Task details — Give back the listing in full and exactly, leaving out the images.

Provided data —
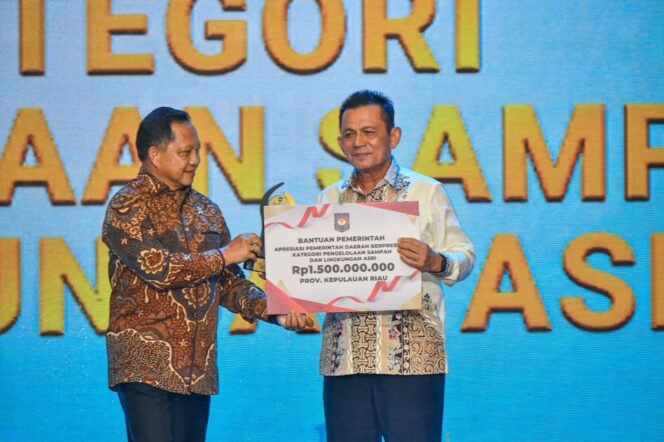 
					ubernur Kepri Ansar Ahmad menerima plakat penghargaan Terbaik II Pengelolaan Sampah dan Lingkungan Asri Regional Sumatera dari Mendagri Muhammad Tito Karnavian di Hotel Radisson Batam, Rabu (12/8/2026).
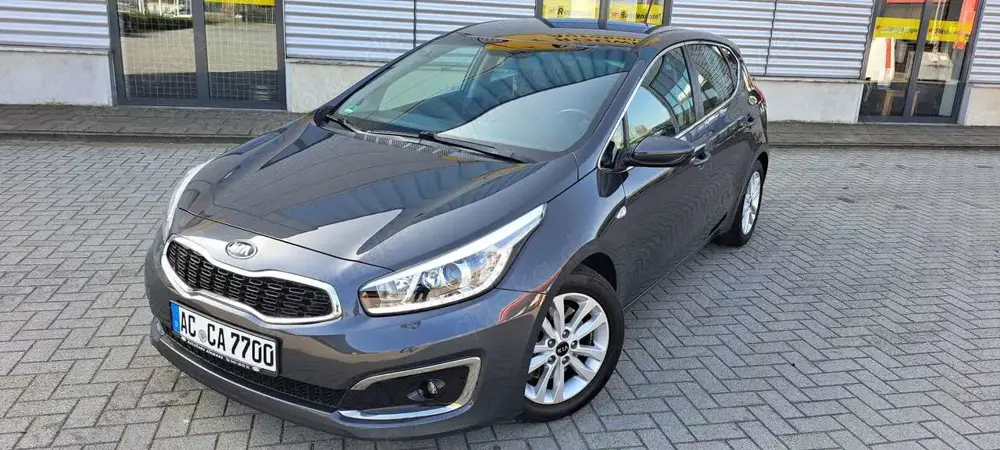 Kia Ceed / cee'd 1.0 T-GDI 100 ISG Dream-Team Edition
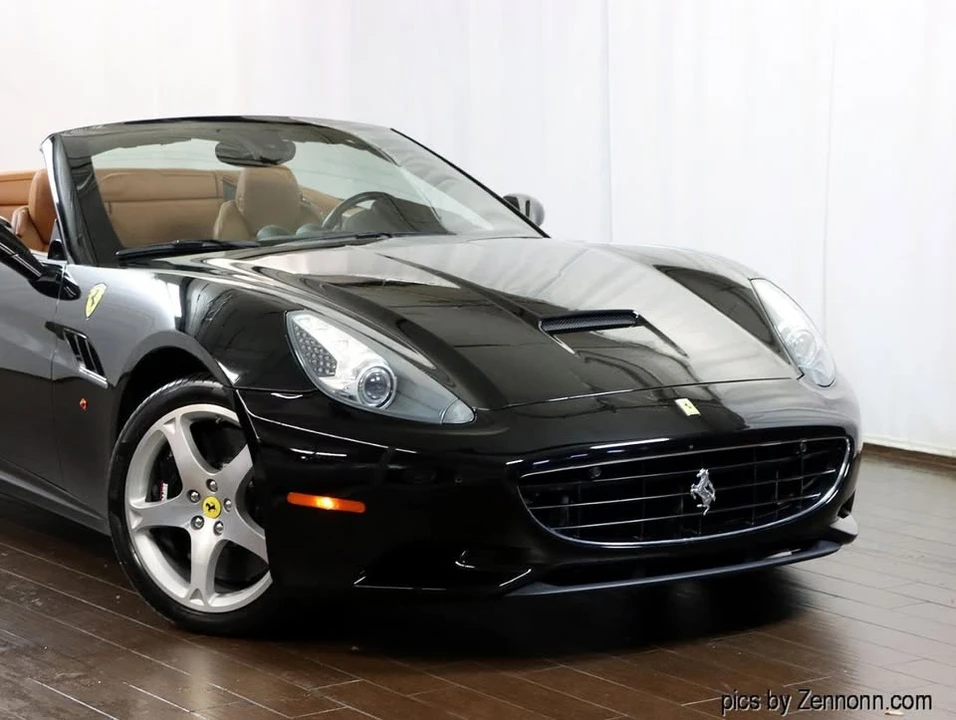 2010 Ferrari California - Image 2 of 20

Exercise result —
					ubernur Kepri Ansar Ahmad menerima plakat penghargaan Terbaik II Pengelolaan Sampah dan Lingkungan Asri Regional Sumatera dari Mendagri Muhammad Tito Karnavian di Hotel Radisson Batam, Rabu (12/8/2026).
 Kia Ceed / cee'd 1.0 T-GDI 100 ISG Dream-Team Edition
 2010 Ferrari California - Image 2 of 20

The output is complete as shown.